Provided data:
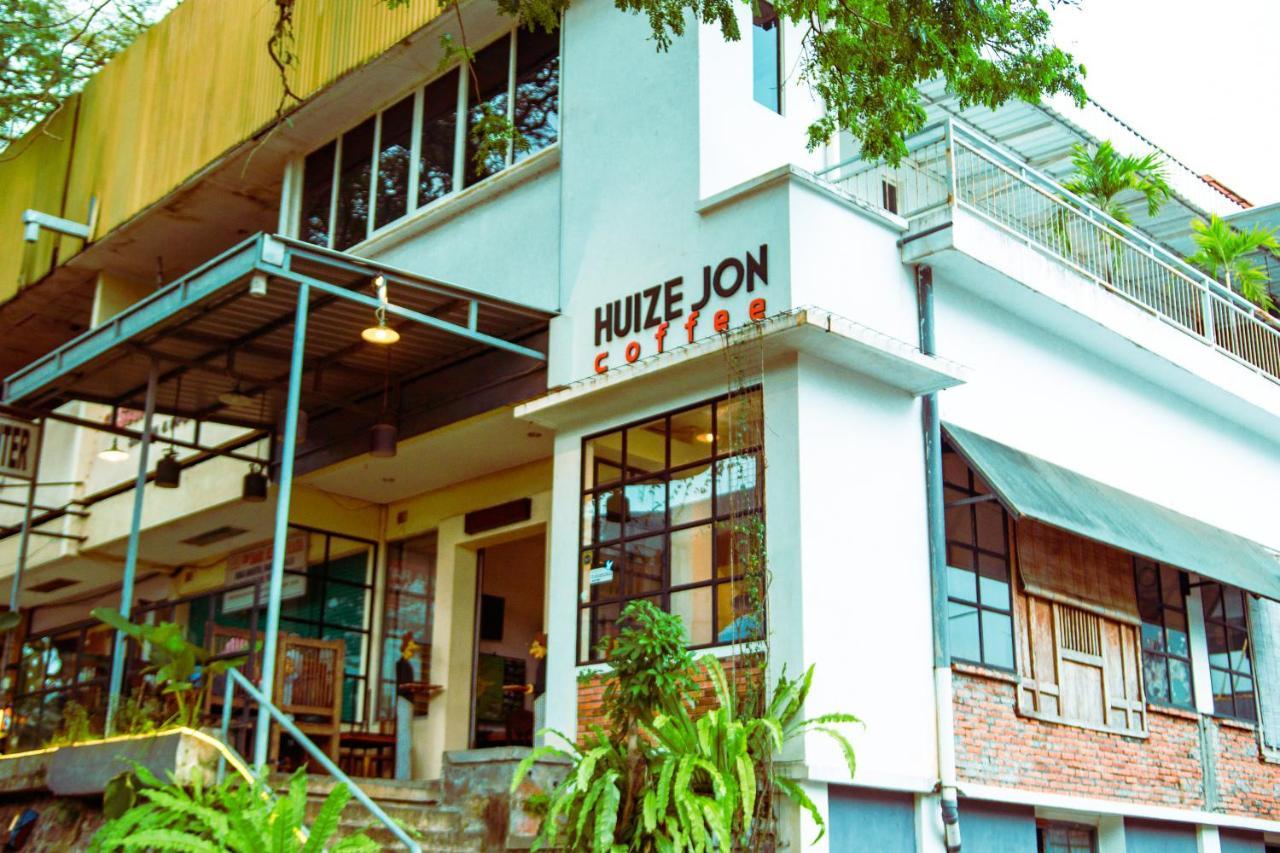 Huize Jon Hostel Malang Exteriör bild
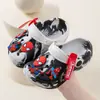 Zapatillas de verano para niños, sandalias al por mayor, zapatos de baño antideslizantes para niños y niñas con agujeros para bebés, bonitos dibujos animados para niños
--
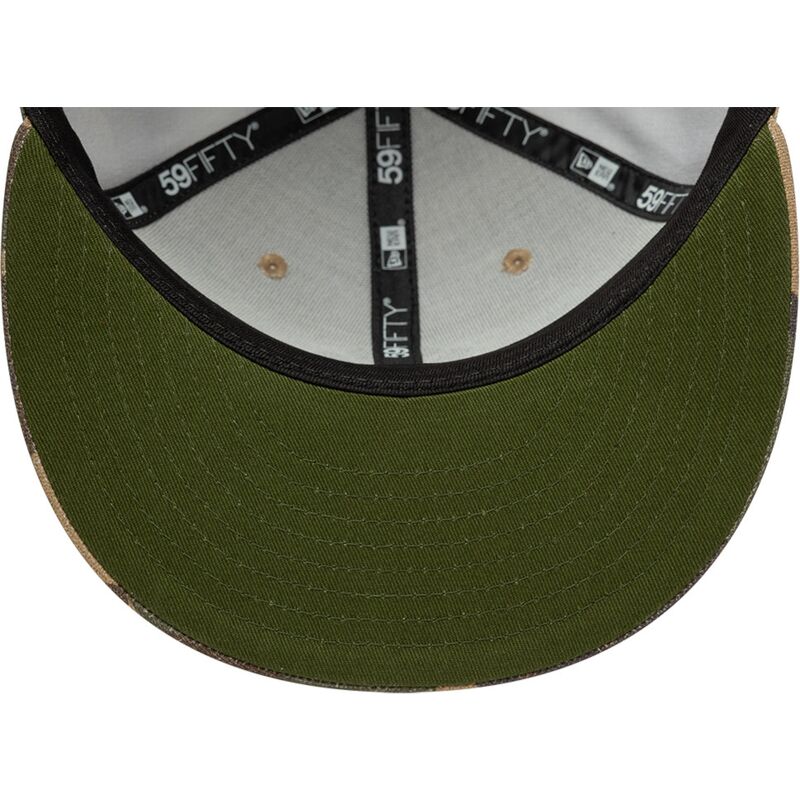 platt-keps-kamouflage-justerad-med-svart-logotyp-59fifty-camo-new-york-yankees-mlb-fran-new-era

The task:
Above this task is a listing with pictures in it. Retype only the lines from the one containing "Huize Jon Hostel Malang Exteriör bild" through the one containing "Zapatillas de verano", both included, and not the pictures.

Finished task:
 Huize Jon Hostel Malang Exteriör bild
 Zapatillas de verano para niños, sandalias al por mayor, zapatos de baño antideslizantes para niños y niñas con agujeros para bebés, bonitos dibujos animados para niños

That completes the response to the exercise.